La vana esperanza de tener un ministro amigo

“Cuenca ya tiene ministro y las capitales que lograron tanta bienaventuranza se engrandecieron en cuatro días”, escribía un alborozado periódico conquense en el otoño de 1919, al proclamar a los cuatro vientos el nombramiento de Fernando Sartorius, conde de San Luis, diputado por Huete, como nuevo ministro de Abastecimientos. El jolgorio se multiplicó por todas partes, especialmente por la ciudad optense, donde se lanzaron al aire tracas y fuegos artificiales en cantidad nunca vista y a la que, un mes más tarde, acudió el flamante miembro del gabinete para ser recibido triunfalmentea los sones de la Banda de Música del maestro Cabañas.
       Abreviaré el relato: el ministerio le duró al conde dos meses, hasta diciembre. Como era costumbre en la época, los gobiernos iban y venían con una facilidad pasmosa y sin necesidad de mociones de censura.
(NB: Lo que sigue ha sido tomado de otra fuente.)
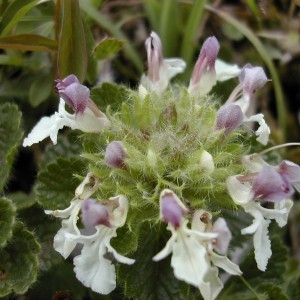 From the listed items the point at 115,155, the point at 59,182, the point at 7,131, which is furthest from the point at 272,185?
the point at 7,131

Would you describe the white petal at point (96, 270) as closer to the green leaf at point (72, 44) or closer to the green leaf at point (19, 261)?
the green leaf at point (19, 261)

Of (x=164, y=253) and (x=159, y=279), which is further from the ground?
(x=164, y=253)

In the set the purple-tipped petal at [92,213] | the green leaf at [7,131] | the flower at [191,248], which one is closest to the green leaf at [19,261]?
the green leaf at [7,131]

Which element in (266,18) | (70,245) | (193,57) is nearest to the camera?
(70,245)

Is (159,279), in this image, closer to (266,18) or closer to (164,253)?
(164,253)

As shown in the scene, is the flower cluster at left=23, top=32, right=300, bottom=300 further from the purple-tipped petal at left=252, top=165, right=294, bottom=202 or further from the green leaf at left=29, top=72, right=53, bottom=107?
the green leaf at left=29, top=72, right=53, bottom=107

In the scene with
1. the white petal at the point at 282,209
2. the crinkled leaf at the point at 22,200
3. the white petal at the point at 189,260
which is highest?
the white petal at the point at 189,260

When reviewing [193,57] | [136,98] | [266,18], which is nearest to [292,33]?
[266,18] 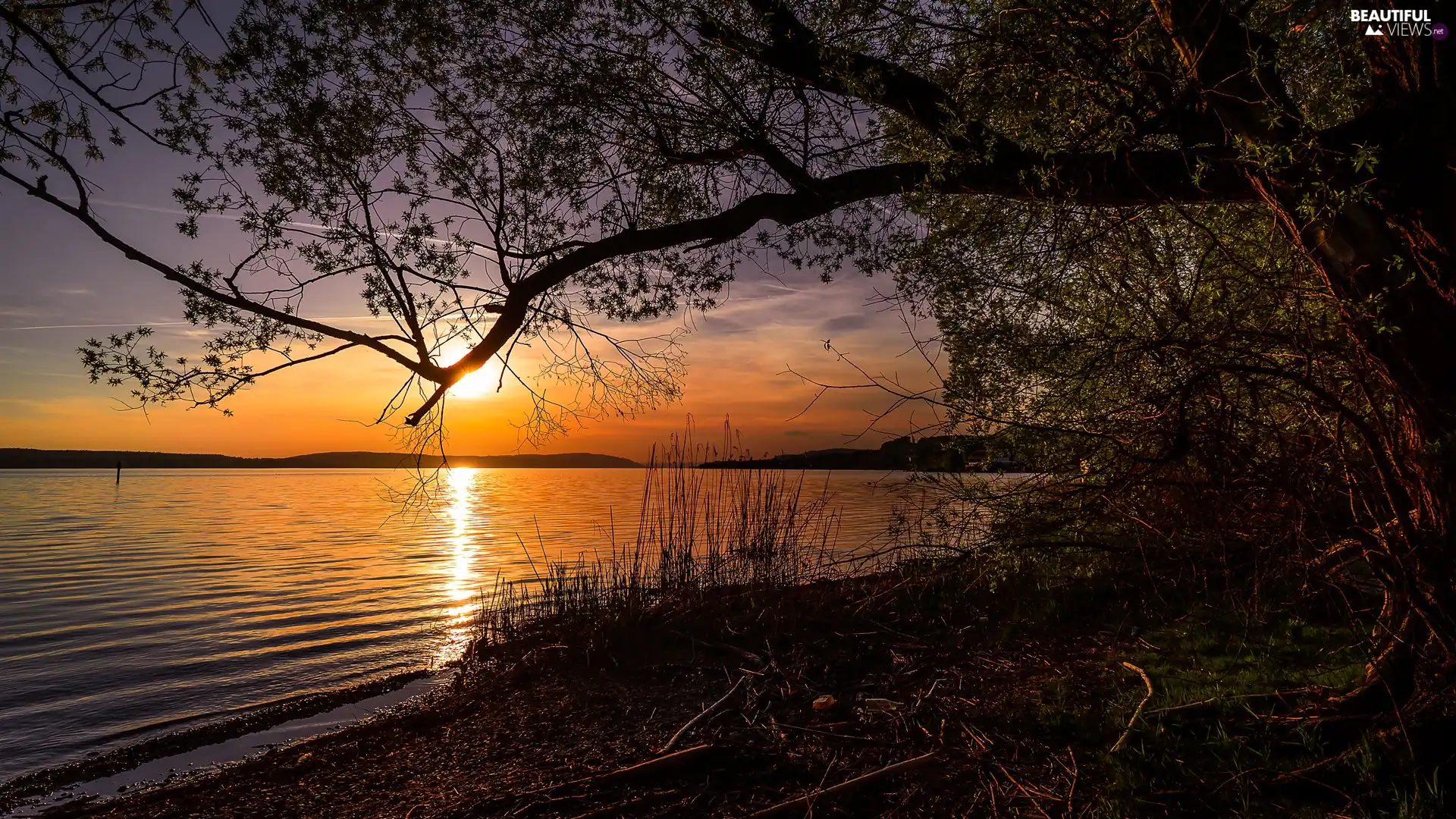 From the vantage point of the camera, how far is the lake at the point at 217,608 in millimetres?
7598

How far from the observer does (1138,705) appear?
4.45 meters

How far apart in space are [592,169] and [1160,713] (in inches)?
254

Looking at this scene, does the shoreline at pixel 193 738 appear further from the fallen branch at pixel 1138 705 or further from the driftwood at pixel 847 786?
the fallen branch at pixel 1138 705

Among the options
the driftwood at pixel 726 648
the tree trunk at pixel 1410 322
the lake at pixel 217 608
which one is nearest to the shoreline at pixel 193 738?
the lake at pixel 217 608

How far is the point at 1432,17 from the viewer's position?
11.1 feet

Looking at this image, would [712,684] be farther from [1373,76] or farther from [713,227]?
[1373,76]

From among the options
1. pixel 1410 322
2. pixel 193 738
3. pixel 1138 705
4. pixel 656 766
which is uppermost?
pixel 1410 322

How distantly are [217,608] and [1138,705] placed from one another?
14493 mm

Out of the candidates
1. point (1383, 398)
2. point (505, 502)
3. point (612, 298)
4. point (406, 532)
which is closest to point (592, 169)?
point (612, 298)

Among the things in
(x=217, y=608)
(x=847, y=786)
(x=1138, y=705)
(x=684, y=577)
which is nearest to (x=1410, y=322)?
(x=1138, y=705)

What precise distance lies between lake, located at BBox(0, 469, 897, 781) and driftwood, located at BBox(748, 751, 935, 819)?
72.6 inches

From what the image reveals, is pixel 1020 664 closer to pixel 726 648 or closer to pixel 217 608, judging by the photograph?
pixel 726 648

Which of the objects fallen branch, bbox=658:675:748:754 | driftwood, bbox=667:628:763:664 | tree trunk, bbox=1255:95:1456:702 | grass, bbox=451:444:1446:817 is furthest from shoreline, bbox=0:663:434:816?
tree trunk, bbox=1255:95:1456:702

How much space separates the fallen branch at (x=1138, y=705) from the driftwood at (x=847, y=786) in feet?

Y Cuenca, desde luego, no se había engrandecido ni tampoco, para ser justos, se empobreció más de lo que ya estaba en ese anodino periodo de tiempo en que algunos pudieron presumir de tener un ministro vinculado a la tierra.
        Esa es una esperanza común a todos los seres humanos, sobre todo los que vivimos en provincias humildes del interior, donde hay pocas oportunidades de que alguno de nosotros llegue a ocupar un cargo de relevancia en la administración del país y por eso el alma popular cree que, cuando tal cosa ocurre, el beneficiado realizará gestos evidentes para favorecer a su lugar de origen. Casi nunca ocurre, pero la esperanza se alimenta. Con el cambio de gobierno, desaparece de la escena el ministro Rafael Catalá, diputado por Cuenca, del que no tengo noticias haya influido especialmente en nada positivo para nosotros. Su antecesor en ocupar una dignidad semejante, Virgilio Zapatero, sí actuó de manera muy enérgica desviando hacia la ciudad una serie de iniciativas gubernamentales que en muy pocos años cambiaron el aspecto y las perspectivas; ahí están el Parador de Turismo, el Archivo Histórico Provincial, el Teatro-Auditorio de Cuenca, el Edificio Palafox y la UIMP. Si seguimos retrocediendo en el tiempo para entrar en la etapa del franquismo aparece, dominante y vocinglero, Francisco Ruiz-Jarabo, que en cada discurso público prometía, una y otra vez, hacer todo lo posible para concluir las obras de la catedral. Ya ven el resultado.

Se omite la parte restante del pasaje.